I have read/skimmed through a great deal of literature on the topic of PLS; papers by Wold (Svante and Herman), Abdi, and many others but haven't found a satisfactory source.
Wold et al. (2001) PLS-regression: a basic tool of chemometrics does mention assumptions of PLS, but it only mentions that
- Xs need not be independent,
- the system is a function of a few underlying latent variables,
- the system should exhibit homogeneity throughout the analytical process, and
- measurement error in $X$ is acceptable.
There is no mention of any requirements of the observed data, or model residuals. Does anyone know of a source that addresses any of this? Considering underlying math is analogous to PCA (with goal of maximizing covariance between $y$ and $X$) is multivariate normality of $(y, X)$ an assumption? Do model residuals need to exhibit homogeneity of variance?
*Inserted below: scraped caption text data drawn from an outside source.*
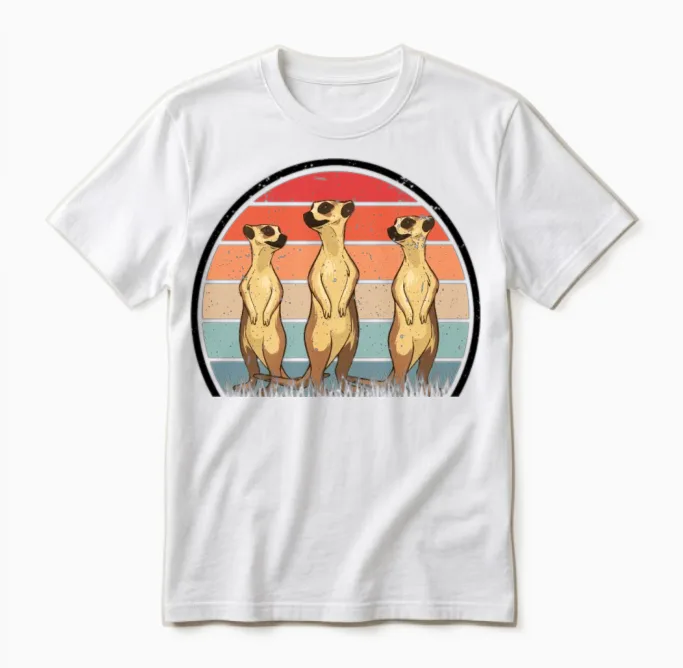Meerkat Vintage Retro Unisex T-Shirt - White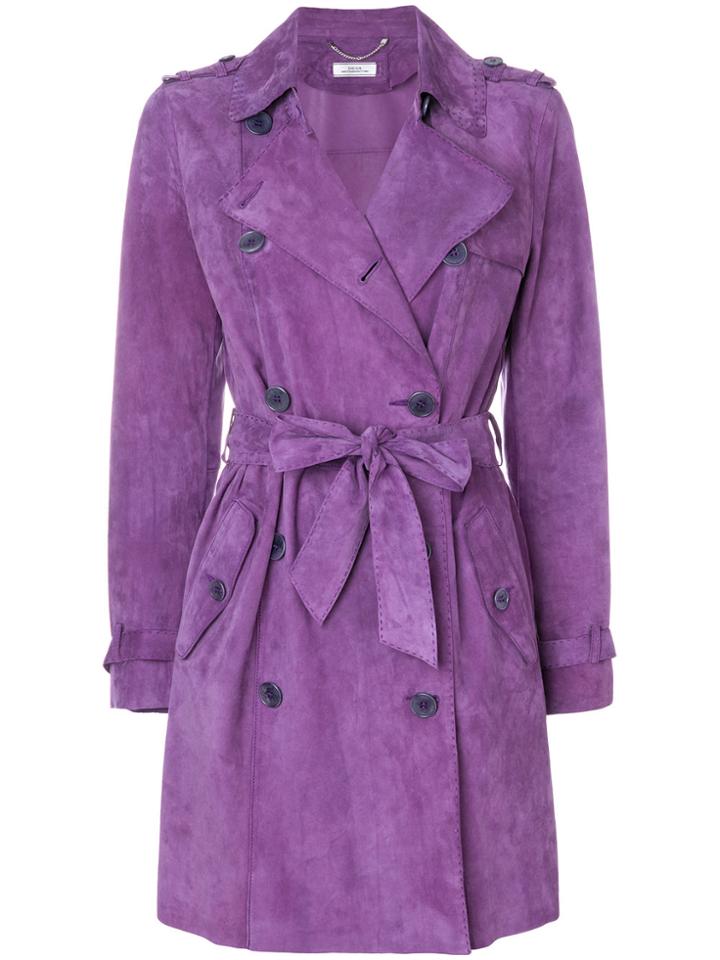 Desa 1972 Double Breasted Trench Coat - Pink & Purple
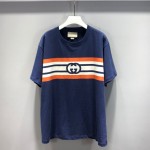 616036 Gucci Interlocking G stripe print T-shirt blue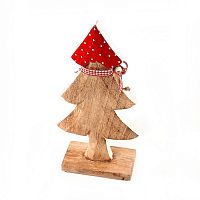 украшение новогоднее ель деревянная красная в горошек love tree, 28х12х6 см в Благовещенске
I also believe I read somewhere that the observations need not be independent; what does this mean in terms of repeated measure studies?
Best Answer
When we say that the standard OLS regression has some assumptions, we mean that these assumptions are needed to derive some desirable properties of the OLS estimator such as e.g. that it is the best linear unbiased estimator -- see Gauss-Markov theorem and an excellent answer by @mpiktas in What is a complete list of the usual assumptions for linear regression? No assumptions are needed in order to simply regress $y$ on $X$. Assumptions only appear in the context of optimality statements.
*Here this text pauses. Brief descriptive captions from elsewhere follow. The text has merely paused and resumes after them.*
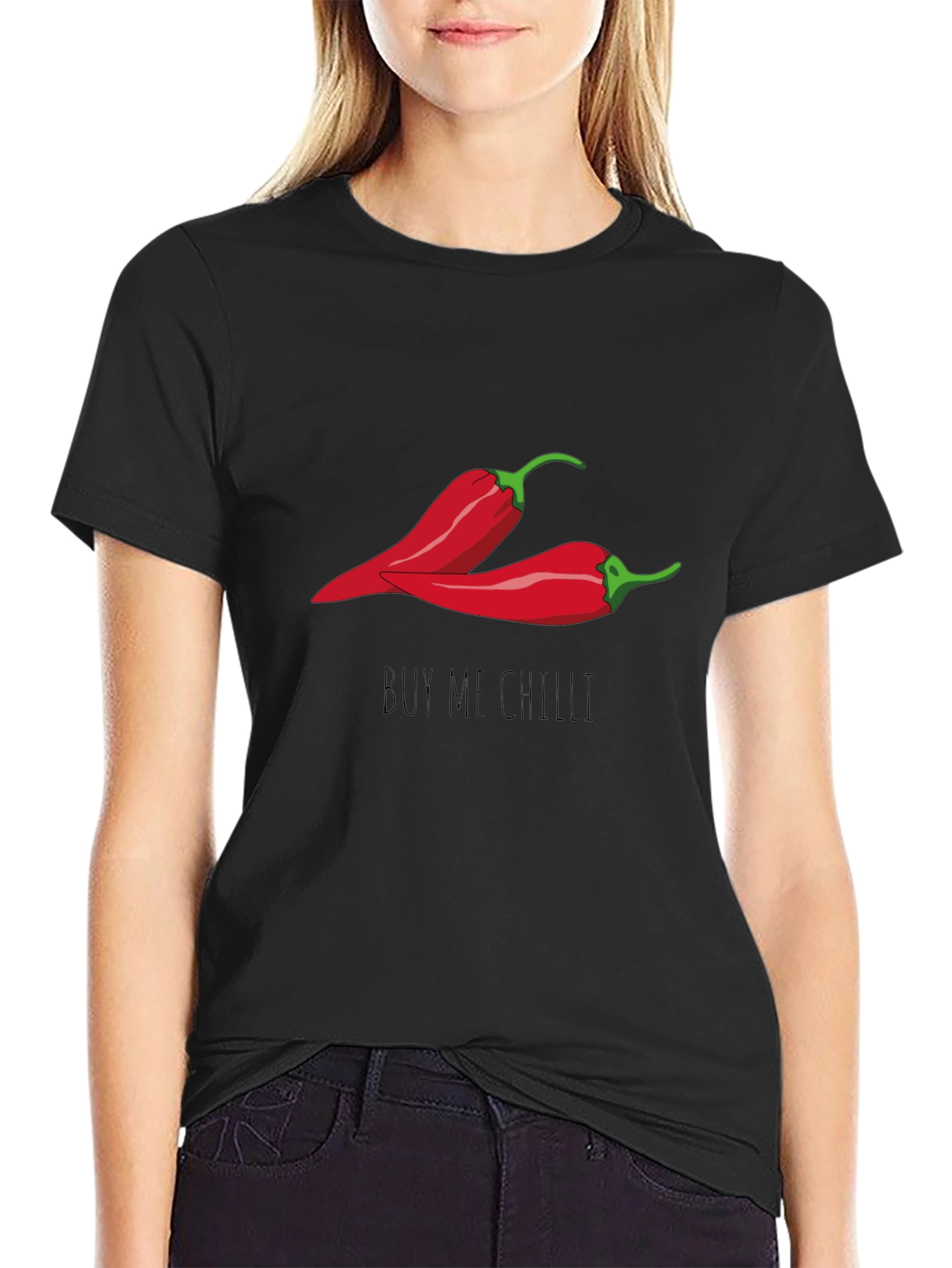 Black Buy Me Chilli Graphic T-Shirt view 2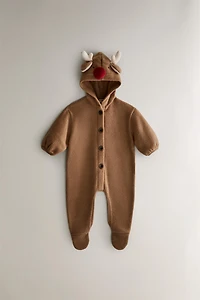 BABY REINDEER  CHRISTMAS FOOTED ROMPER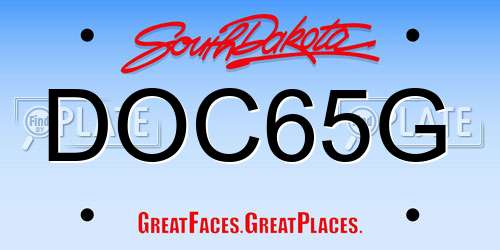 DOC65G South Dakota License Plate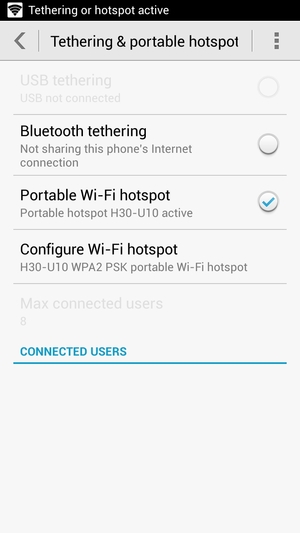 Your phone is now set up for use as a modem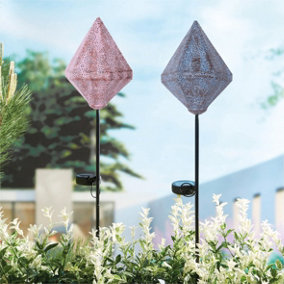 Luxform Solar LED Moroccan Stake Light Pink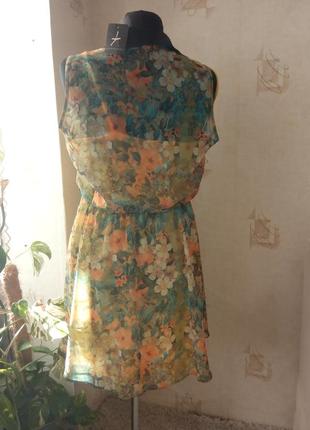 Шифоновое платье, в цветы6 фото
More generally, "assumptions" is something that only a theoretical result (theorem) can have.
Similarly for PLS regression. It is always possible to use PLS regression to regress $y$ on $X$. So when you ask what are the assumptions of PLS regression, what are the optimality statements that you think about? In fact, I am not aware of any. PLS regression is one form of shrinkage regularization, see my answer in Theory behind partial least squares regression for some context and overview. Regularized estimators are biased, so no amount of assumptions will e.g. prove the unbiasedness.
Moreover, the actual outcome of PLS regression depends on how many PLS components are included in the model, which acts as a regularization parameter. Talking about any assumptions only makes sense if the procedure for selecting this parameter is completely specified (and it usually isn't). So I don't think there are any optimality results for PLS at all, which means that PLS regression has no assumptions. I think the same is true for any other penalized regression methods such as principal component regression or ridge regression.
Update: I have expanded this argument in my answer to What are the assumptions of ridge regression and how to test them?
Of course, there can still be rules of thumb that say when PLS regression is likely to be useful and when not. Please see my answer linked above for some discussion; experienced practitioners of PLSR (I am not one of them) could certainly say more to that.